* [Task objective] Your response should contain exactly the lines running from the one with "El turismo toca" to the end of the data below, both included, and no pictures.

* [Available data]
════

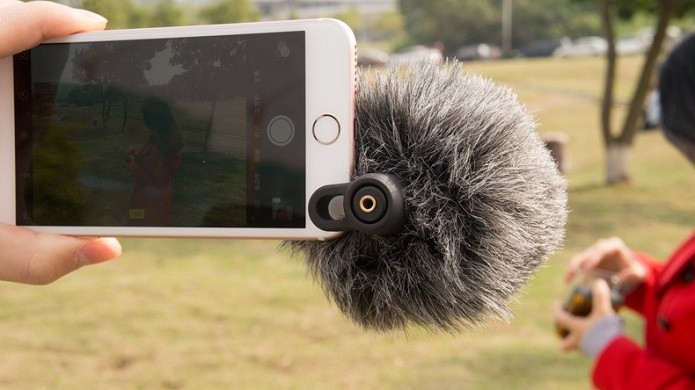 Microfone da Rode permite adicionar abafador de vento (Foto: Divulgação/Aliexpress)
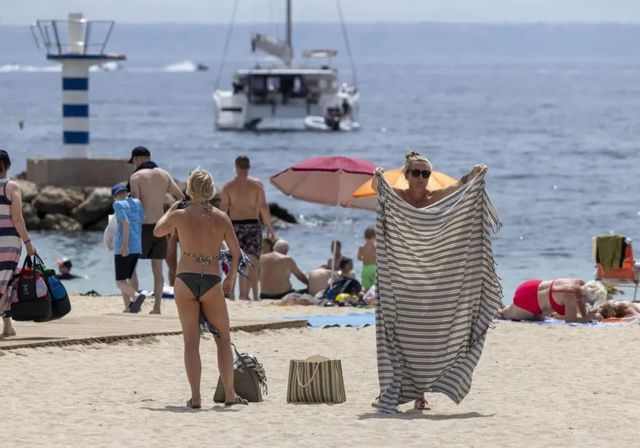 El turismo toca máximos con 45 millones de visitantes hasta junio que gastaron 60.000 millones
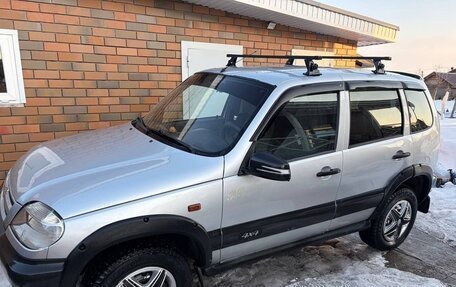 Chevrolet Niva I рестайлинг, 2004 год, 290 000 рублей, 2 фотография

════

* [Solution]
 El turismo toca máximos con 45 millones de visitantes hasta junio que gastaron 60.000 millones
 Chevrolet Niva I рестайлинг, 2004 год, 290 000 рублей, 2 фотография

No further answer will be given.